Sam Burgess has spoken out about his controversial decision to leave rugby union and complete a swift return to the South Sydney Rabbitohs, stressing that such a choice was made for family reasons as well as admitting that his heart just was simply not in it.
The 26-year-old, who officially switched codes in October 2014, further claims that he was initially looking towards Christmas as a potential departure date and rejects any notion that he has been poorly treated by the Rugby Football Union (RFU).
After moving to the Rec amid much fanfare following a courageous man of the match performance in the NRL grand final in which he played almost the entire game with a fractured eye socket and cheekbone, Burgess was initially deployed at centre in the Aviva Premiership before head coach Mike Ford made the decision to switch him to blindside flanker.
Despite that change, however, England still retained hope that he could help fill the sizable void vacated in midfield by Manu Tuilagi and fast-tracked the former Bradford Bulls star into Stuart Lancaster's World Cup squad ahead of proven performers such as Luther Burrell and club teammate Kyle Eastmond.
The tournament eventually proved to be an abject disaster for the host nation, who became the first team to exit their own competition at the pool stage after consecutive defeats to Wales and Australia at Twickenham. In the former contest, Lancaster came in for sustained criticism as a result of his team selection which included a first international union start for Burgess as England attempted to negate the physicality of Jamie Roberts.
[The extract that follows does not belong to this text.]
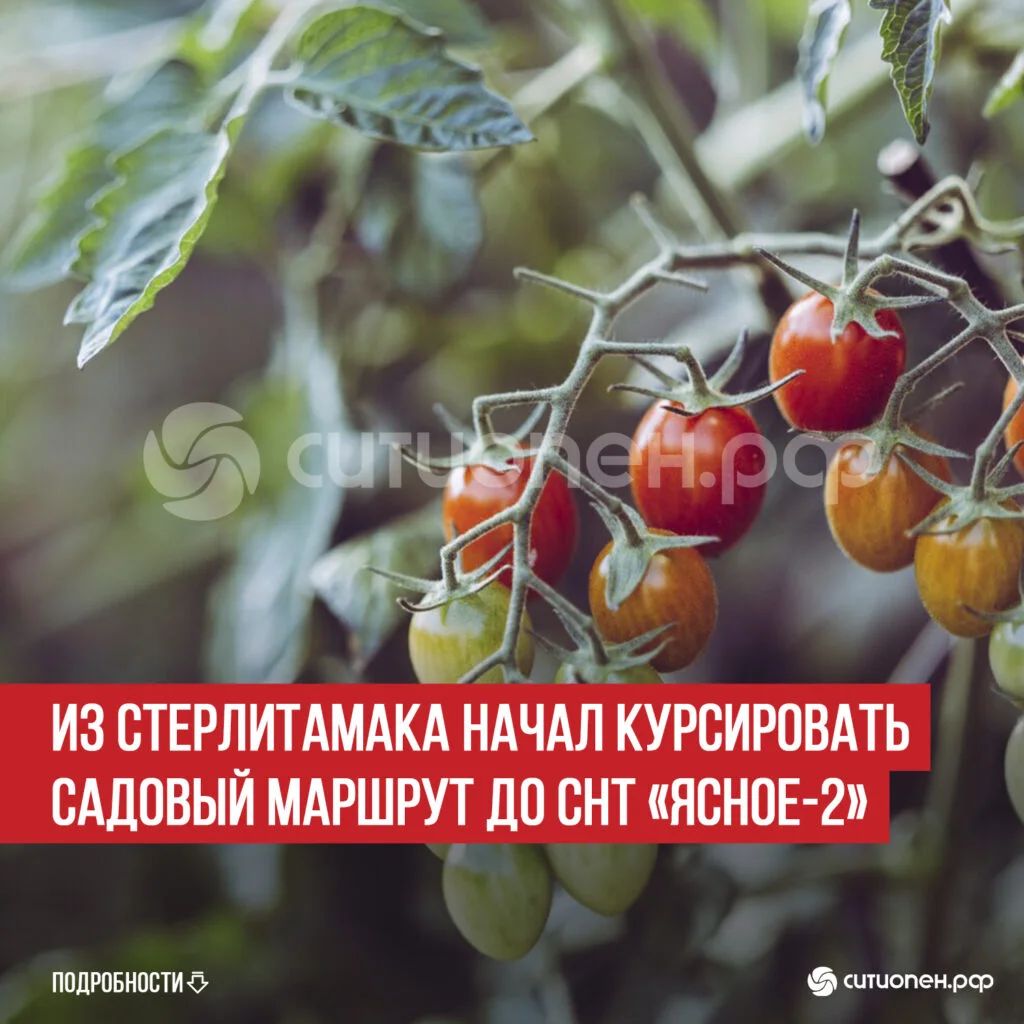 Из Стерлитамака начал курсировать садовый маршрут до СНТ «Ясное-2»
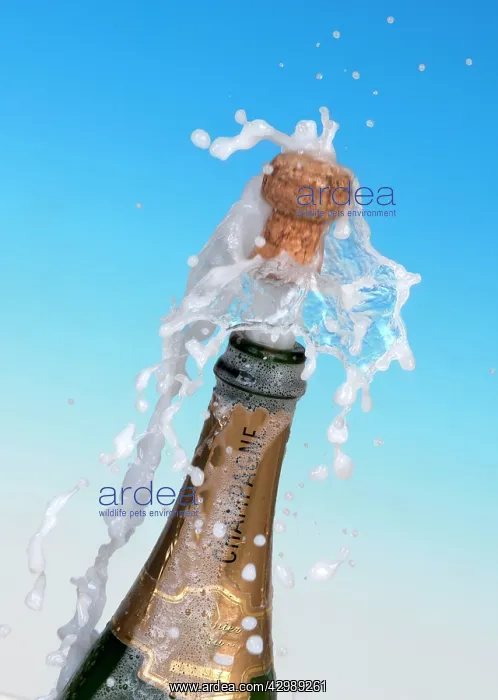  : Champagne cork shooting out of the bottle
"My decision to leave Bath and move back to Australia was for personal reasons, but it was also because I wanted to spend the rest of my career playing the game that's in my heart," Burgess, who was left out of the matchday squad altogether for the victory over Uruguay and was yet to play for Bath this season, revealed in a column for the Mail. "Rugby league is in my heart. I'm looking forward to getting back to Sydney, where I'll be with my family and playing for the Rabbitohs alongside my brothers again.
"Part of me is disappointed to be leaving. Everyone is saying I've taken the easy option but it would have been easier to stay and play on in union. I could have just kept playing at six for Bath, but I believe it would have taken about 18 months for me to break into the England team in that position — and my contract is up in about 18 months. In sport we have a very limited window in which to compete at the top level and I didn't want to see those 18 months go by without the same excitement and enthusiasm as the previous 12."
On suggestions that he has been mistreated by English rugby's governing body, he added: "The RFU have come in for a lot of stick for my decision, which I think is unfair. They didn't make it for me. They didn't push me into it. In fact, they have been supportive through it all. I disagree with this idea that I have been let down or treated badly. The RFU have not treated me badly."
Although Burgess admits that the months spent building up to the World Cup were probably the most enjoyable of his short union career, he lamented what he felt was an agenda from some ex-players who pursued both himself and Lancaster with unhelpful comments in the media. He also made the honest admission that he found the intensely physical nature of league more enjoyable.
He added: "That was an upsetting factor to me; that people who are supposed to love the game are actually tearing it to shreds. I felt like certain people didn't want England and Stuart Lancaster to succeed. They were after him — so aggressively. He could never do a thing right, no matter what. I was right in the middle of that and it is unbelievable. It's not a productive place to be."